# PDF Text Mining using PDFMiner

## Installation

`pip install pdfminer.six`

## How to Use
Below is an edited code example from [Tim Arnold's blog on *Manipulating PDFs with Python*]( https://www.binpress.com/tutorial/manipulating-pdfs-with-python/167). It has been modified to be compatible with Python 3.X. Most of it is boilerplate stuff that does not need to change. The only change that needs to be done is the filename and the  page(s) of interest. 

In [1]:
from io import StringIO
from pdfminer.pdfinterp import PDFResourceManager, PDFPageInterpreter
from pdfminer.converter import TextConverter
from pdfminer.layout import LAParams
from pdfminer.pdfpage import PDFPage  

Identify file and page of interest

In [2]:
filename = 'MDOT_fastfacts02-2011_345554_7.pdf'
pagenums = [3] # empty list does all pages

Create instances of classes necessary to read pdf

In [3]:
output = StringIO()
manager = PDFResourceManager()
converter = TextConverter(manager, output, laparams=LAParams())
interpreter = PDFPageInterpreter(manager, converter)

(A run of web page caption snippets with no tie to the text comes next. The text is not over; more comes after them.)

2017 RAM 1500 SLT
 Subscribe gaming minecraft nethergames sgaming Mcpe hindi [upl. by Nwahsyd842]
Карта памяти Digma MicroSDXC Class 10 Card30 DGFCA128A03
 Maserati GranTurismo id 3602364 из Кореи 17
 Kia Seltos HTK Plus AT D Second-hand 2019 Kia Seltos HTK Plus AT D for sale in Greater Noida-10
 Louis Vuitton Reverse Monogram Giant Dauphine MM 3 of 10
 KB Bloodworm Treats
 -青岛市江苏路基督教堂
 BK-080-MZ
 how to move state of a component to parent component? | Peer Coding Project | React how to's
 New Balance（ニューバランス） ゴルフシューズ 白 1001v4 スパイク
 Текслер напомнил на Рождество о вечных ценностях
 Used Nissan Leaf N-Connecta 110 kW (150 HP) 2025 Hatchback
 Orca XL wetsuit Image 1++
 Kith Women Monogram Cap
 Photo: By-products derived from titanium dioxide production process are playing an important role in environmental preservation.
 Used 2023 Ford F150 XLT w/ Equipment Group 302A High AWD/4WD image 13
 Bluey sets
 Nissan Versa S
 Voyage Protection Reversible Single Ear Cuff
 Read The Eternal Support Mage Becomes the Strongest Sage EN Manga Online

Open the pdf and read & process page(s) of interest

In [4]:
with open(filename, 'rb') as fin:
    for page in PDFPage.get_pages(fin, pagenums):
        interpreter.process_page(page)

Get output string

In [5]:
text = output.getvalue()
converter.close()
output.close()

Let's look at the output text string

In [6]:
text

'Fast Facts\n\n201 7\n\nCARPOOL LOTS\n\n2015 MICHIGAN \nSTATE REVENUE PACKAGE\n\nn There are 261 carpool parking lots located across \n\nthe state, 23 of which are public-private partnerships. \nIncluded in the public-private partnerships are 17 \nlocations that MDOT has partnered with Meijer Corp. \nto provide carpool parking spaces in Meijer parking lots \nlocated near the highway.\n\nn MDOT continues its efforts to provide bike racks at \n\ncarpool lots, and to attract transit service to lots  \nwhere appropriate.\n\nCOST OF ROAD CONSTRUCTION \n\nRoadway construction costs are typically based on standard  \ndesign characteristics, materials, and the type of work performed. \nGeneral estimates are provided for the average cost per lane mile \nof major work by roadway type, and material costs. \n\nAverage Cost Per Lane Mile by  \nMajor Work Type for Various Networks  \n(2016 figures; in millions) \n\nWork Type \n\nReconstruction Rehabilitation Average R&R\n\n \n \n\nCombined \nStatewi

Pretty Print Text

In [7]:
from pprint import pprint as prettyprint
prettyprint(text)

('Fast Facts\n'
 '\n'
 '201 7\n'
 '\n'
 'CARPOOL LOTS\n'
 '\n'
 '2015 MICHIGAN \n'
 'STATE REVENUE PACKAGE\n'
 '\n'
 'n There are 261 carpool parking lots located across \n'
 '\n'
 'the state, 23 of which are public-private partnerships. \n'
 'Included in the public-private partnerships are 17 \n'
 'locations that MDOT has partnered with Meijer Corp. \n'
 'to provide carpool parking spaces in Meijer parking lots \n'
 'located near the highway.\n'
 '\n'
 'n MDOT continues its efforts to provide bike racks at \n'
 '\n'
 'carpool lots, and to attract transit service to lots  \n'
 'where appropriate.\n'
 '\n'
 'COST OF ROAD CONSTRUCTION \n'
 '\n'
 'Roadway construction costs are typically based on standard  \n'
 'design characteristics, materials, and the type of work performed. \n'
 'General estimates are provided for the average cost per lane mile \n'
 'of major work by roadway type, and material costs. \n'
 '\n'
 'Average Cost Per Lane Mile by  \n'
 'Major Work Type for Various Networks

Write out text to file

In [8]:
savefile = filename.replace('pdf','txt')
with open(savefile,'w') as fout:
    fout.write(text)

# Conclusion

Trying to reconstruct tables from pdf text mining tools looks like a formatting nightmare in the same realm as copy and paste.